■ **Data section**:

^^^^^^^^^^^^^^^^

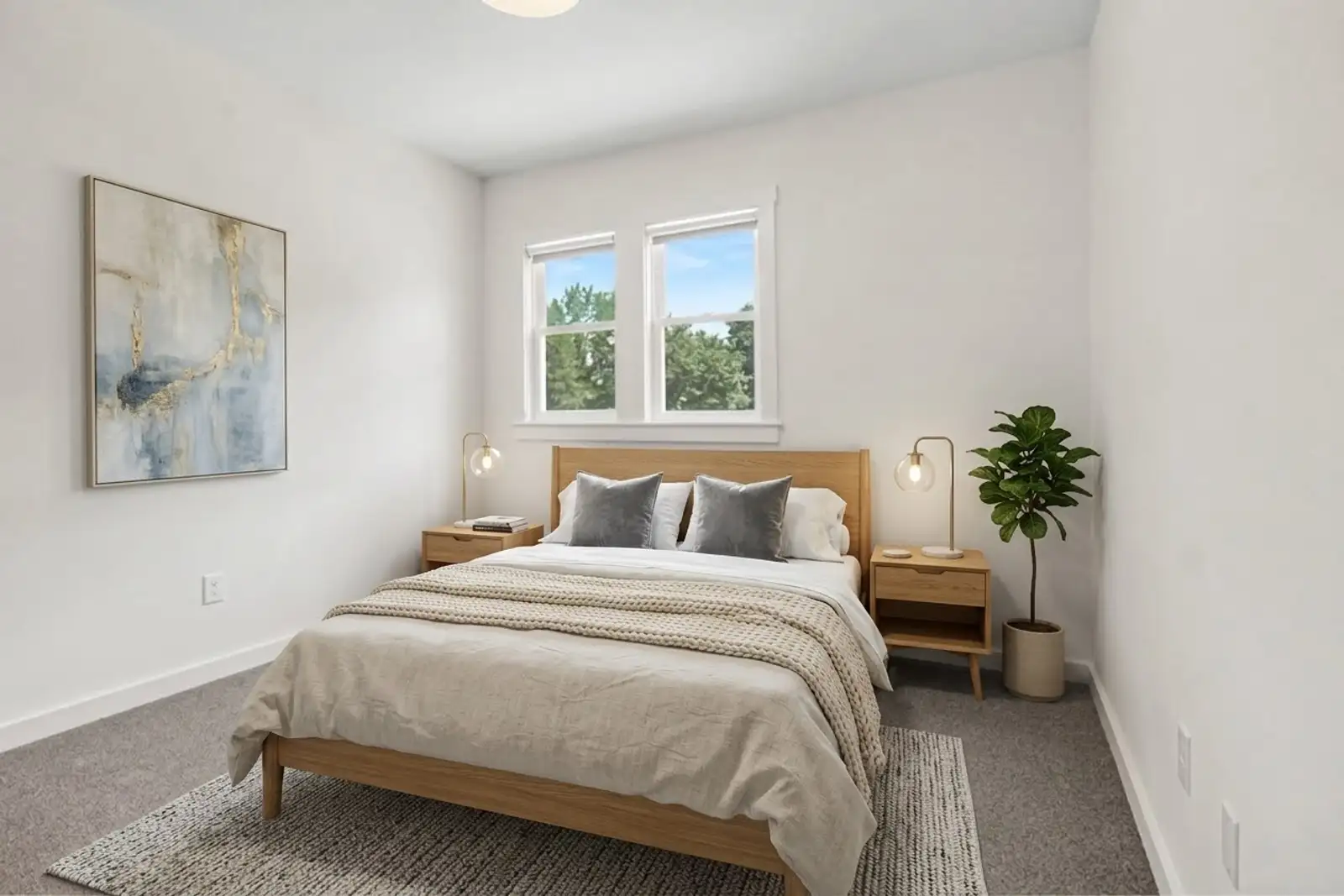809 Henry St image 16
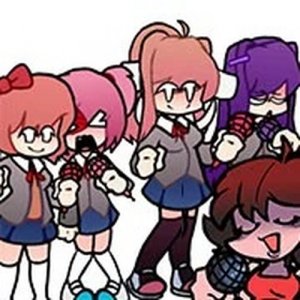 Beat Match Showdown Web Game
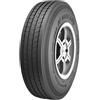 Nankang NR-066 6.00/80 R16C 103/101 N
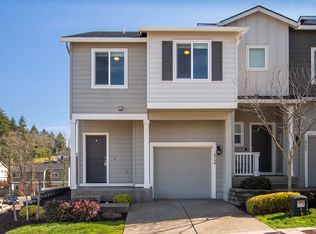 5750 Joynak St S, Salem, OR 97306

^^^^^^^^^^^^^^^^

■ **Your task**:
Return the material from above in full, exactly as written, with the pictures omitted.

■ **Solution for this task**:
809 Henry St image 16
 Beat Match Showdown Web Game
 Nankang NR-066 6.00/80 R16C 103/101 N
 5750 Joynak St S, Salem, OR 97306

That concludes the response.